1899 — 1902

The Philippine-American War, fought from February 1899 to July 1902, claimed 250,000 lives and helped establish the United States as a power in the Pacific. On June 12, 1898, a young Filipino general, Emilio Aguinaldo, proclaimed Philippine independence and established Asia’s first republic. He had hoped that the Philippines would become a US protectorate, but pressure on President William McKinley to annex the Philippines was intense. On February 4, 1899, fighting erupted between American and Filipino soldiers leaving fifty-nine Americans and approximately 3,000 Filipinos dead. American commanders hoped for a short conflict, but in the end more than 70,000 would fight in the archipelago. Unable to defeat the United States in conventional warfare, the Filipinos adopted guerrilla tactics. The war was officially declared over in July 1902, but fighting continued for several years.

The Philippine War convinced the United States not to seize further overseas territory.
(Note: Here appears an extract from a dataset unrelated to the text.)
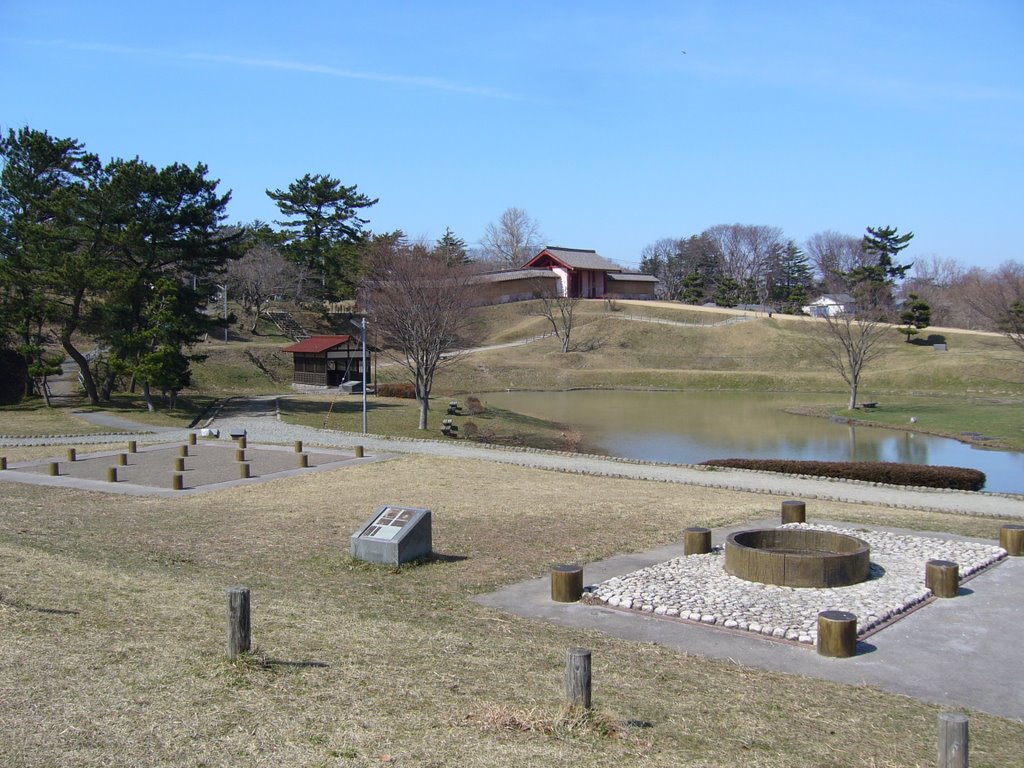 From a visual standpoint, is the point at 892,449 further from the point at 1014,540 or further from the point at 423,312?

More than 4,000 American soldiers and about 20,000 Filipino fighters died. An estimated 200,000 Filipino civilians died during the war, mainly of disease or hunger. Reports of American atrocities led the United States to turn internal control over to the Philippines to Filipinos in 1907 and to pledge to grant the archipelago independence in 1916. The 1916 Jones Act, however, delayed Philippine independence until a "stable government" was established. US leaders tried to transform the country into a showcase of American-style democracy in Asia, but there was a strong undercurrent of condescension. US President William Howard Taft, who had served as governor-general of the Philippines, called the Filipinos “our little brown brothers.” The Philippines were finally granted independence in 1946.